• **DATA UNDER STUDY**:

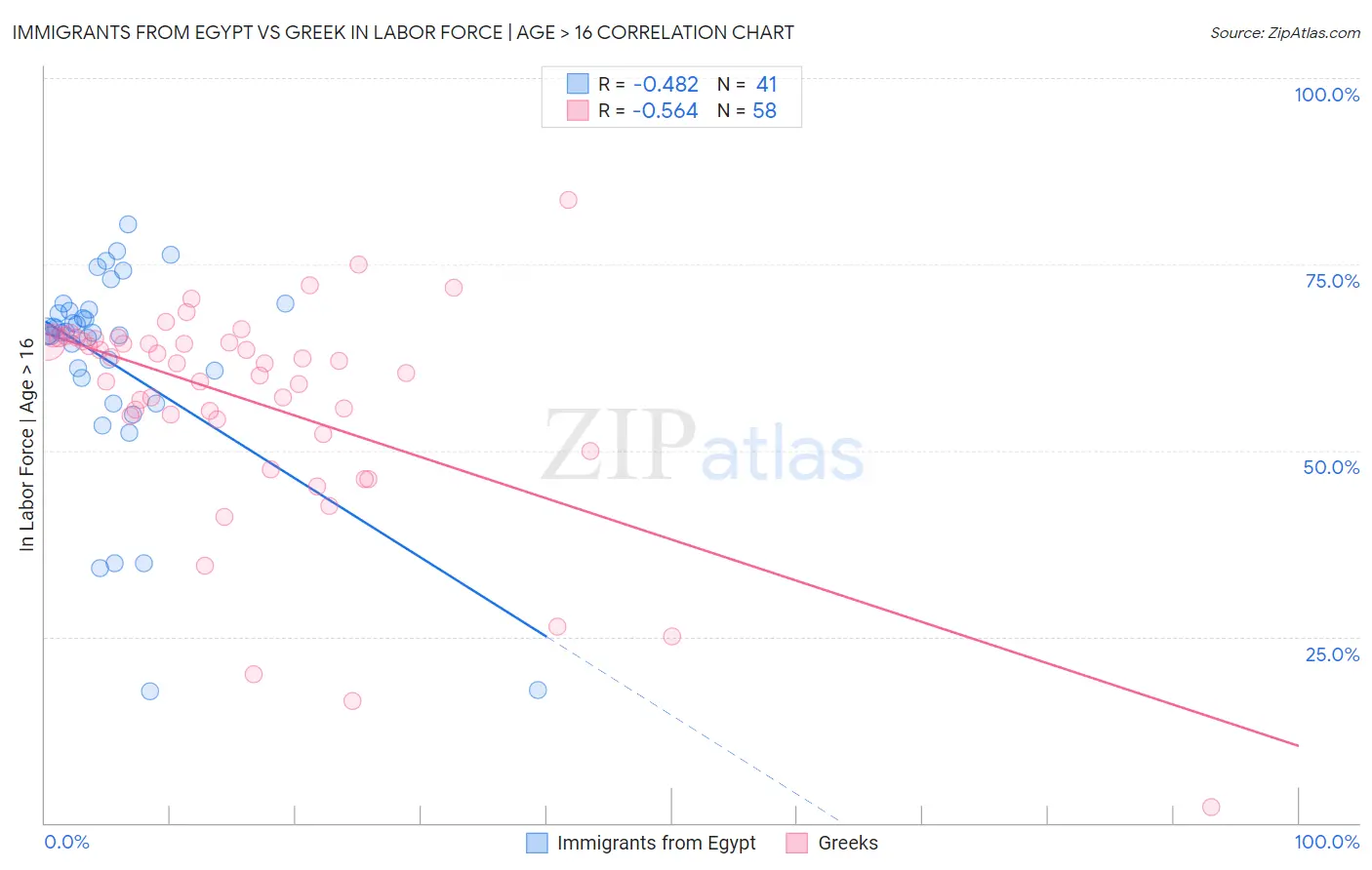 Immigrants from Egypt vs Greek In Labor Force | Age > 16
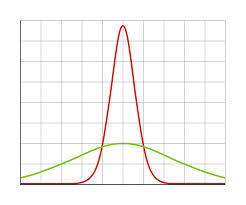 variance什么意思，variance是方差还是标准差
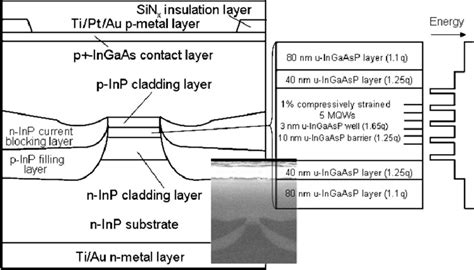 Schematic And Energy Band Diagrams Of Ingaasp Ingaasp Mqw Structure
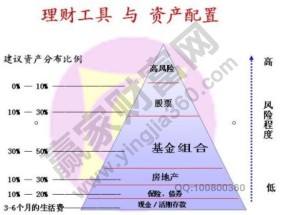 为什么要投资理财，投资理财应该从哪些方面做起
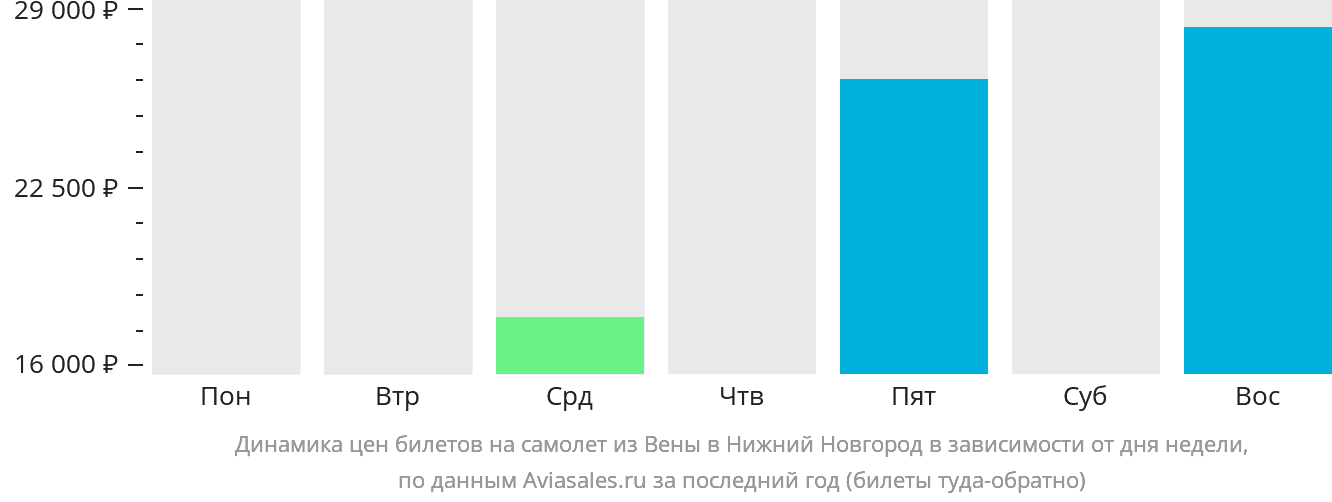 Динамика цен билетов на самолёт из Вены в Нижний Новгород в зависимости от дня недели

• **ABOUT THIS TASK**:
The line containing "为什么要投资理财，投资理财应该从哪些方面做起" marks where the copy ends; print every line before it from the start of the records, and that line too, but no pictures.

• **FINISHED TASK**:
 Immigrants from Egypt vs Greek In Labor Force | Age > 16
 variance什么意思，variance是方差还是标准差
 Schematic And Energy Band Diagrams Of Ingaasp Ingaasp Mqw Structure
 为什么要投资理财，投资理财应该从哪些方面做起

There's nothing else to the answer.